Also Thursday, Harvard Law School's Fair Punishment Project asked to file a brief with the U.S. Supreme Court in support of Williams' request, arguing that his claims of intellectual disability have not been fully explored.

The attorney general's office described Williams' appeal as "procedural gamesmanship" to put off the execution.

Under Hutchinson's initial plan, Arkansas would have put eight men to death in an 11-day period — the nation's fastest pace since the U.S. Supreme Court reauthorized the death penalty in 1976. Courts issued stays for four of the inmates.

In one court filing, Williams' lawyers pointed to Monday's execution of Jones, during which his mouth moved after he should have been unconscious, they argued. Jones' spiritual adviser called it "a sort of gurgling" while an observer from the state attorney general's office said it was "snoring; deep, deep sleep." A federal judge dismissed a challenge to the night's second execution, saying Jones' execution did not appear to be "torturous and inhumane" in violation of constitutional standards.

The inmate's lawyers also cited problems with Monday's second execution, during which Marcel Williams' head tilted back slightly as he breathed deeply and, three minutes after his execution started, his head turned slightly to the left. One witness said it appeared the inmate arched his back. Another said his breathing included "jerky motions." An Associated Press reporter in the room noted four quick breaths at one point.

Wendy Kelley, director of the Arkansas Department of Correction, said in an affidavit Thursday that she saw none of that activity.

Kenneth Williams was sentenced to death for killing former deputy warden Cecil Boren after escaping from the Cummins Unit prison in a 500-gallon barrel of hog slop in 1999. He left the prison less than three weeks into a life term for killing University of Arkansas at Pine Bluff cheerleader Dominique Hurd in 1998.

After jumping from the barrel of kitchen scraps, he sneaked along a tree line until he reached Boren's house. He killed Boren, stole guns and Boren's truck, then drove to Missouri. There, he crashed into a water-delivery truck, killing the driver, Michael Greenwood. While in prison, he confessed to killing another person in 1998.

Greenwood's family wrote to Hutchinson asking him to delay Williams' execution so it could ask the Arkansas Parole Board to recommend clemency for the inmate. In a last-minute court filing, Williams' attorneys said he should receive a stay because the Greenwood family was not notified of his clemency hearing last month, but a federal judge rejected that request Thursday night.

"When he took my father from us, Mr. Williams caused us all a great deal of pain," wrote Kayla Greenwood, who was 5 when her father died. "We still miss him and we still hurt. That does not mean that asking you (to) spare Mr. Williams is not the right thing to do. It is."
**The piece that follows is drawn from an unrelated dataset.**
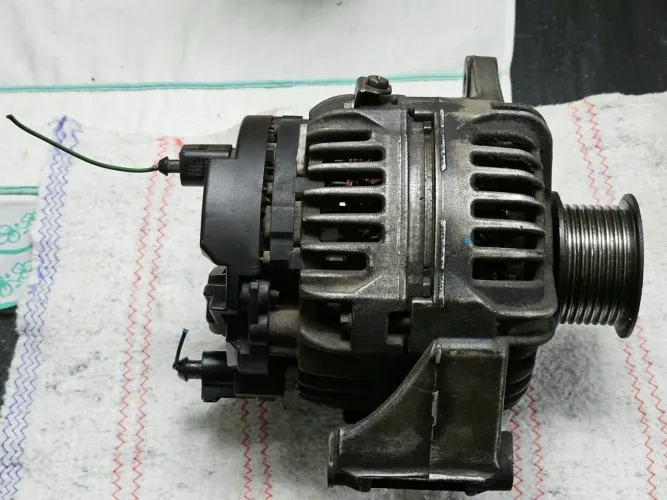 Alternador para caminhão VW 8120 90 ampères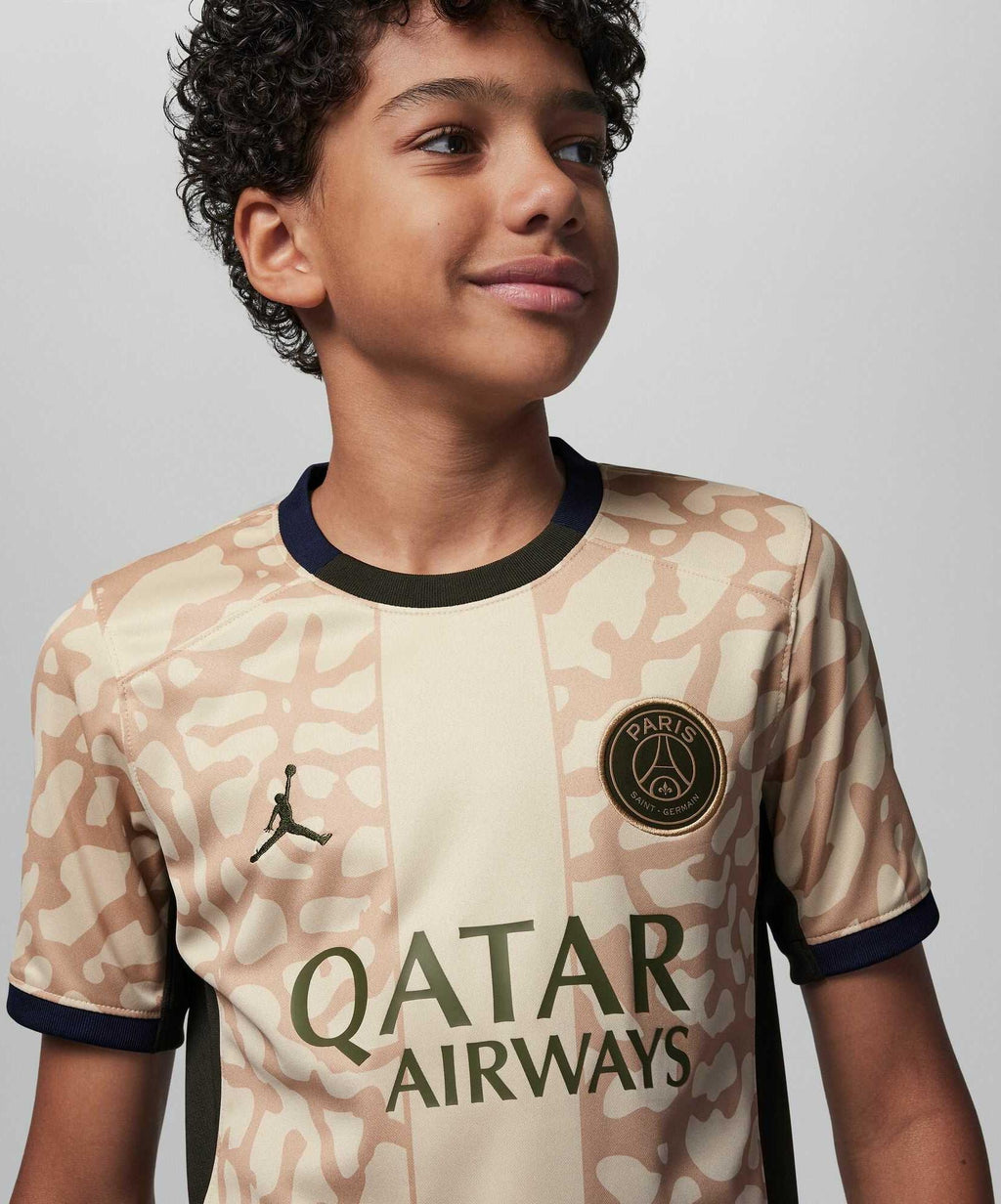 Paris Saint-Germain 2023/24 Stadium 4th shirt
Hutchinson said in a statement that while he appreciated Greenwood's "genuine spirit of forgiveness and compassion," he had to consider viewpoints from other victims' families, including Boren's.

"Kenneth Williams murdered multiple people, and actions have consequences," the governor said.

At the time of Boren's death, investigators said it did not appear Boren was targeted because of his former employment by the Arkansas Department of Correction.